(MATERIAL FOR THE TASK Opens)

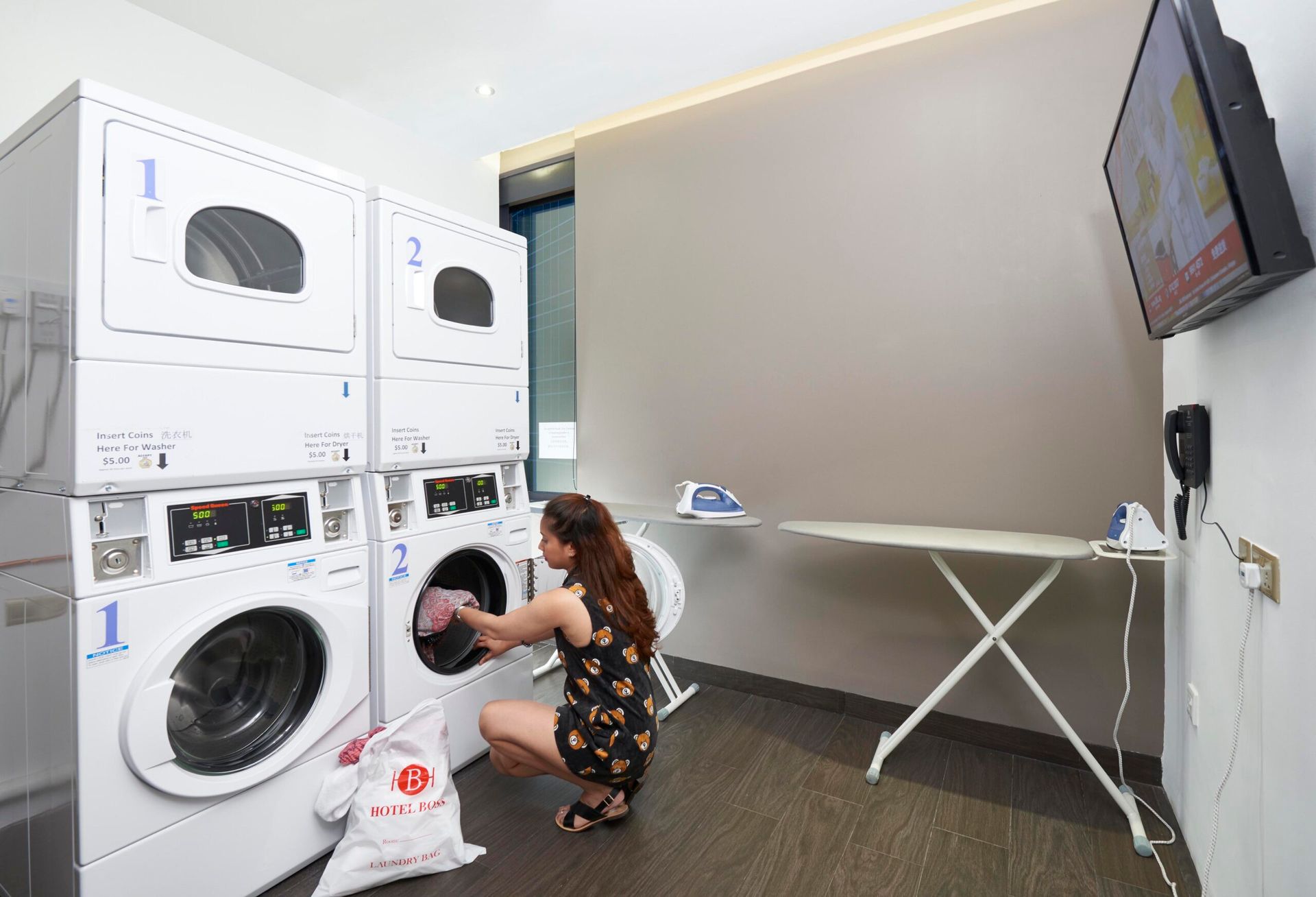 Laundromat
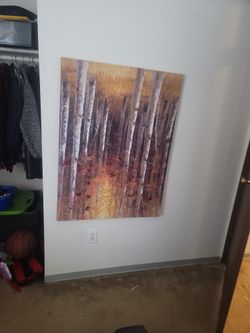 Artwork Canvas $15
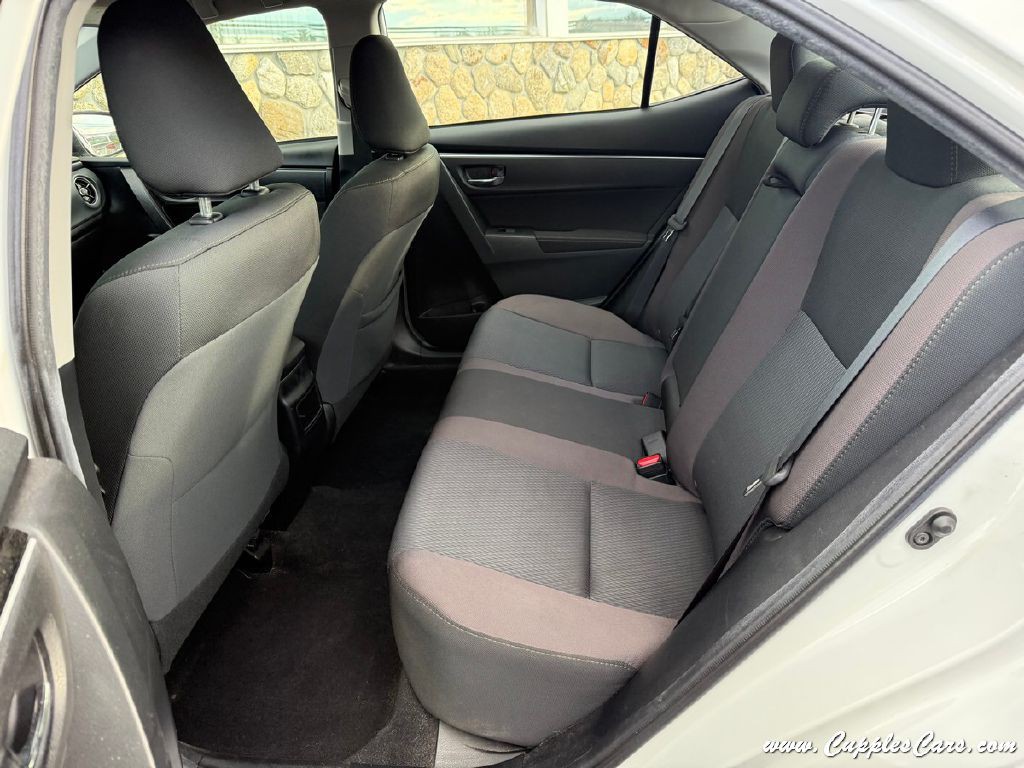 2019 Toyota Corolla Image 6
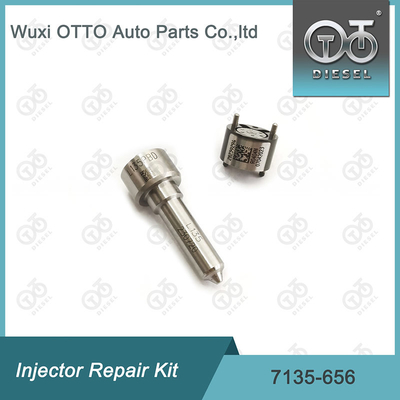 Bộ sửa chữa ống phun CVA 7135-656 Delphi cho R00504Z với ống phun L135PBD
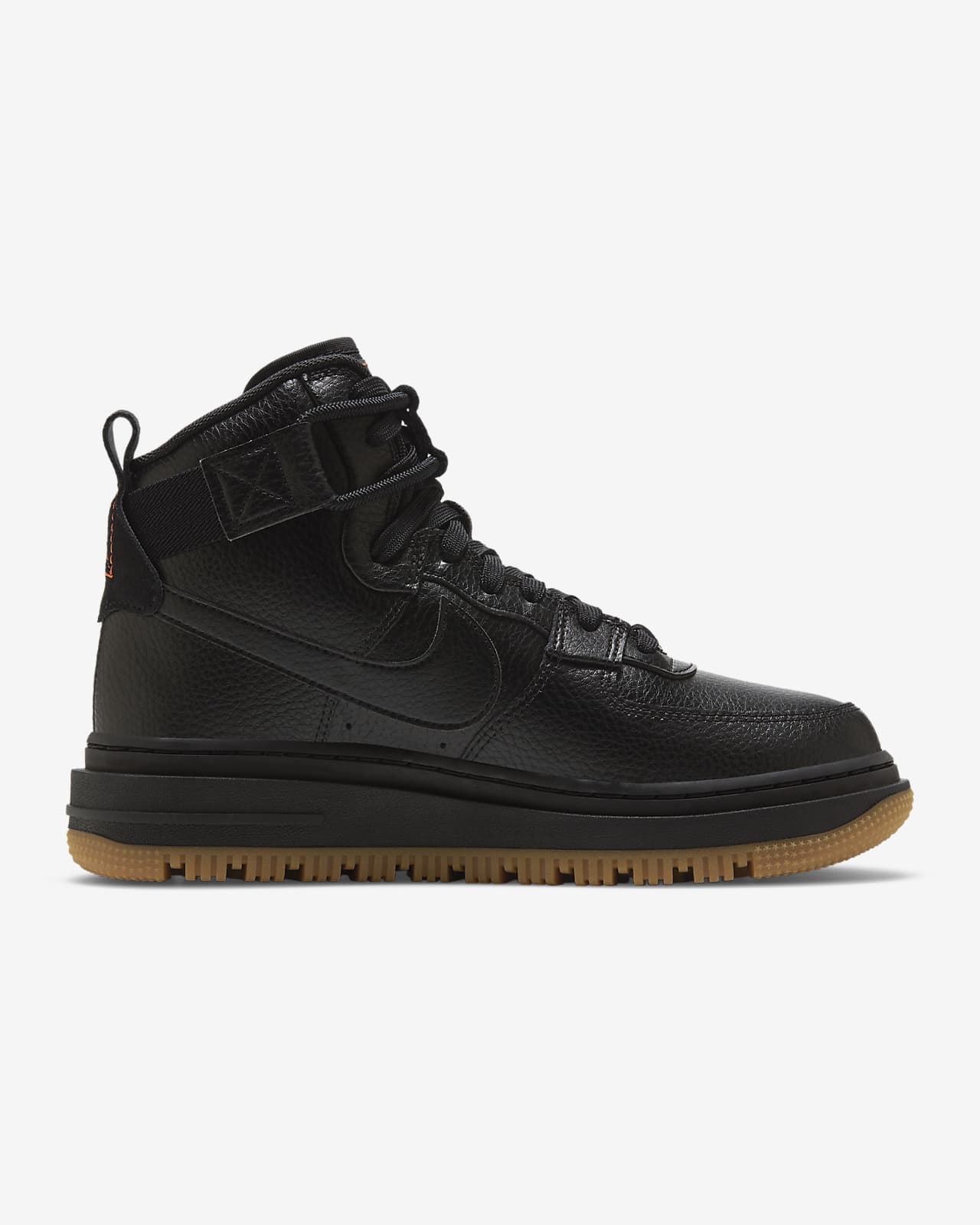 nike air force one boots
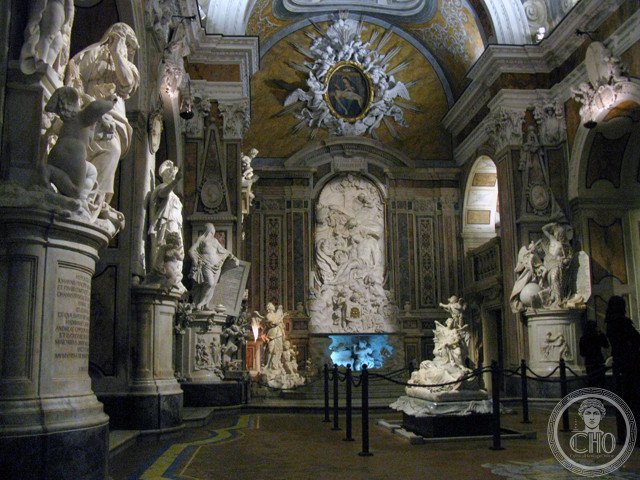 Immagine d'insieme 2, Cappella Sansevero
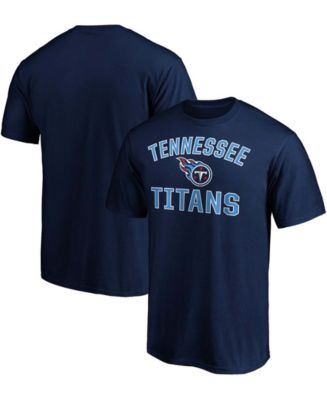 Tennessee Titans Dog T-Shirt - Large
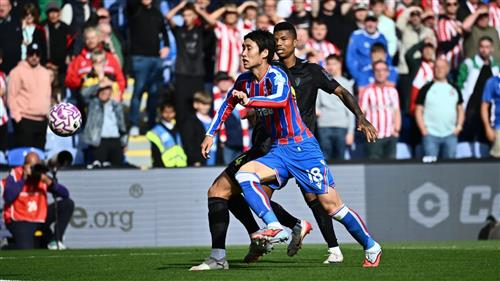Crystal Palace x Sunderland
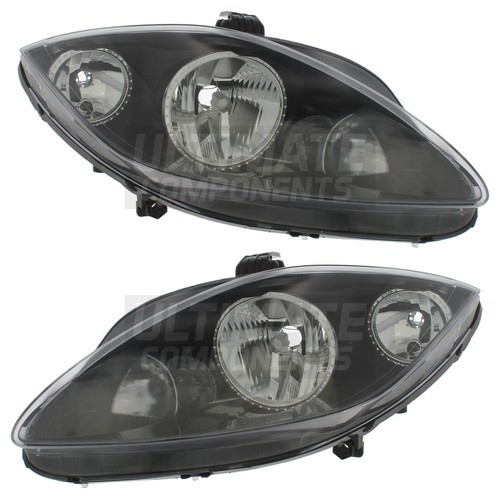 Seat leon headlights mk2 - seat,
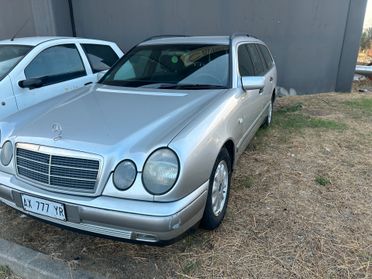 Mercedes-benz E 250 cat SW Elegance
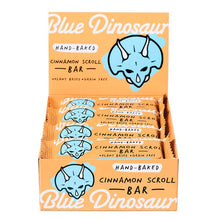 Blue Dinosaur Bars - Cinnamon Scroll (45g)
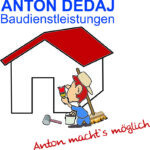 Anton Dedaj Baudienstleistungen in Kitzingen - Logo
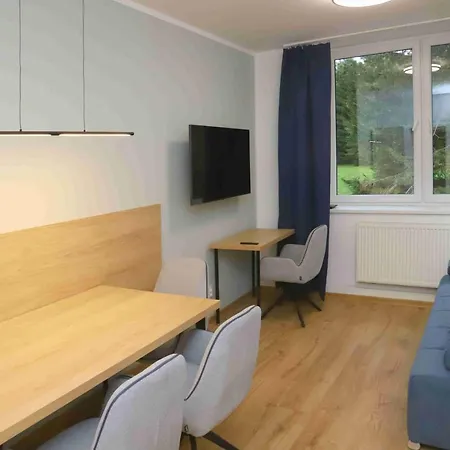 Novohradske Hory Apartment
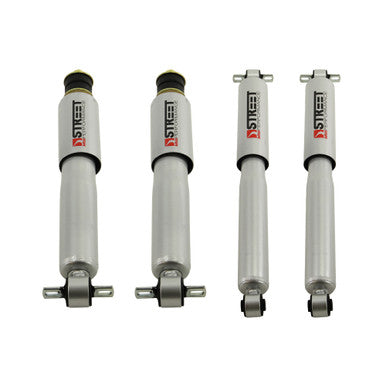 BELLTECH 9522 STREET PERFORMANCE SHOCK SET (LOWERING)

(MATERIAL FOR THE TASK Closes)

• YOUR ASSIGNMENT:
Exclude every picture, then return precisely the lines that run from the line containing "Bộ sửa chữa" through the end of the entries above.

• EXERCISE OUTPUT:
 Bộ sửa chữa ống phun CVA 7135-656 Delphi cho R00504Z với ống phun L135PBD
 nike air force one boots
 Immagine d'insieme 2, Cappella Sansevero
 Tennessee Titans Dog T-Shirt - Large
Crystal Palace x Sunderland
 Seat leon headlights mk2 - seat,
 Mercedes-benz E 250 cat SW Elegance
 Blue Dinosaur Bars - Cinnamon Scroll (45g)
 Anton Dedaj Baudienstleistungen in Kitzingen - Logo
 Novohradske Hory Apartment
 BELLTECH 9522 STREET PERFORMANCE SHOCK SET (LOWERING)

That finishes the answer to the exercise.